Dave Tomlinson uses this example to argue against taking the Bible literally – ‘literalism’, he says, ‘makes a laughing stock of the Bible.’ However, at the time these texts were written they probably were meant to be taken literally. In fact, at least some of them may have represented an advance on practices current at the time. ‘An eye for an eye’, although taken to be harsh now, was better than ‘an eye and I’ll burn your homestead, take all your goods and livestock and put you and your family to the sword’. The point is that what may have been acceptable or common practice in the past is not necessarily acceptable now. Slavery is a case in point. In the past the Bible was used to justify the slave trade and the use of slaves on plantations in the West Indies, United States and elsewhere. Of course, none of us would even dream of trying that now.

In In-touch No 76 (June – August 2016) I wrote about Arminianism and contrasted it with Calvinism. In a (simple) nutshell, Arminianism (after the Dutch theologian Jacobus Arminius 1560 – 1609) is the view that all of us can have access to salvation. In contrast Calvinism (after the French theologian John Calvin, or Jehan Cauvin, 1509 – 1564) holds that salvation is an unconditional gift of God given to those whom He elects to receive it. If you’re not ‘on the list’ as it were, sorry. Personally, I cannot see God the way Calvinists do. It just doesn’t stack up to me that God could be that arbitrary. Salvation, surely must be available to all who would receive it, not just to a select few. So, that makes me an Arminian, as, incidentally was John Wesley.

Both Calvin and Arminius justified their views on the basis of Scripture. Which one was right? Both had a view which they believed was derived from Scripture but each came to different conclusions. We have to make up our own minds what we think.

I hold certain views and beliefs about God. For example, I believe God is freely available to all, whoever we are and wherever we are. I see God as fundamentally good, compassionate and loving – I know I’m not alone in that. The point is, that’s the perspective or lens through which I view God. Someone who emphasises God as judge will view Him differently.

During the course of last year, BBC Radio 4 broadcast a short series of readings in ‘Book of the Week’ based on “A History of the Bible: the Book and its Faiths” by John Barton, an Anglican priest and former Oriel and Laing Professor of the Interpretation of Holy Scripture at Oxford University (no relation, incidentally). I was so taken by the series that I decided to get hold of a copy, something which proved a bit trickier than expected. Although published by Penguin, the book is not readily available in the UK – in the end I got it from the USA.

In considering how the books of the New Testament came together, John Barton argues they largely gelled together as a result of custom and practice. Those were the books that were most commonly used and relied upon by Christians. When the Church Fathers got round to drawing up the canon, much was already settled and only a few books had to be debated as regards their authenticity or authority. At the same time, Christian doctrine had also gradually gelled together. In some cases, he considers that doctrine was being fixed before texts were written. The letters of St Paul set out various elements of doctrine, thus pre-dating the Gospels themselves.

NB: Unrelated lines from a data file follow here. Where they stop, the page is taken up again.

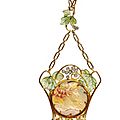 An Art Nouveau enamel, diamond and pearl pendent necklace, by <b>Henri</b> <b>Vever</b>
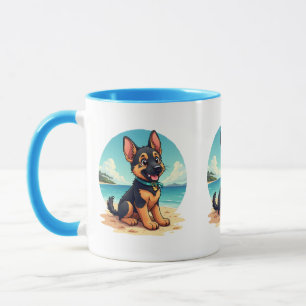 Süße Deutsche Schäferhund-Welpen-Strand-Illustrati Tasse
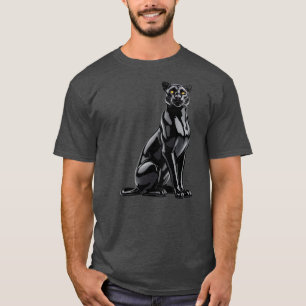 T-shirt Panthère noire et reflets de lumière naturelle.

Much of Christian doctrine is not directly reflected in Scripture. There are allusions which when put together may lead in a certain direction. For example, the idea of a Trinitarian God is not explicitly stated in the Bible. There are hints and references but no direct statement. For a long time, I have felt that the formulation of Christian doctrine represented efforts to understand what lay behind the Gospel story. At one level these efforts relied upon what was related in the texts but at another what people had come to believe about what the texts related. In other words a ‘framework’ was being created that would allow us to make sense of the story of Jesus. The framework had to fit the story, but the story also had to fit the framework. As John Barton notes, there is evidence that in some particulars, some of the texts that form the basis of the New Testament were amended so that they would fit emerging doctrine.

Some years ago I read a book on Christian meditation. The author used extensive quotes from the New Testament to support his view that Jesus was teaching meditation. It seemed to me to be a classic example of having a particular view then looking for texts that could be used to support it. In no way did the author’s view derive from the texts, quite the reverse.

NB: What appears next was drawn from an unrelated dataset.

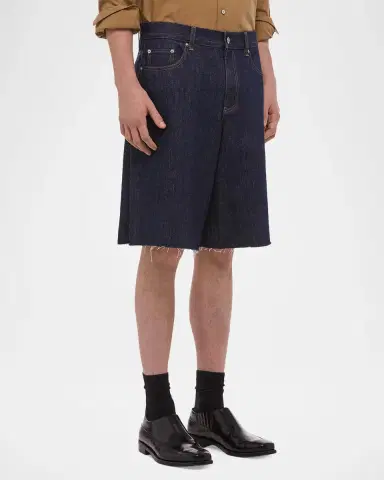 Helmut Lang Men's Frayed-Hem Jean Shorts | Thumbnail 6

In similar vein, I have felt a little uncomfortable when listening to current expositions of how the Bible enjoins us to care for the environment. As we all know, climate change is a pressing issue and Christians should take a stand on it. It is perhaps natural to look to the Bible for support and guidance but I can’t help feeling that if that is what the Bible teaches, shouldn’t we have paid more attention before now?

Not surprisingly Jews and Christians view the Bible differently. Naturally, Judaism does not consider the New Testament as ‘sacred’. Christians view the Old Testament as part of an over-arching narrative that points towards the coming of Jesus. Judaism does not see it that way. In fact, John Barton’s description of how Judaism uses Biblical texts left my mind reeling. Often disconnected texts and parts of texts are linked together in highly detailed ways not obvious to the uninitiated and also taking account of what is not said to draw many different kinds of conclusion.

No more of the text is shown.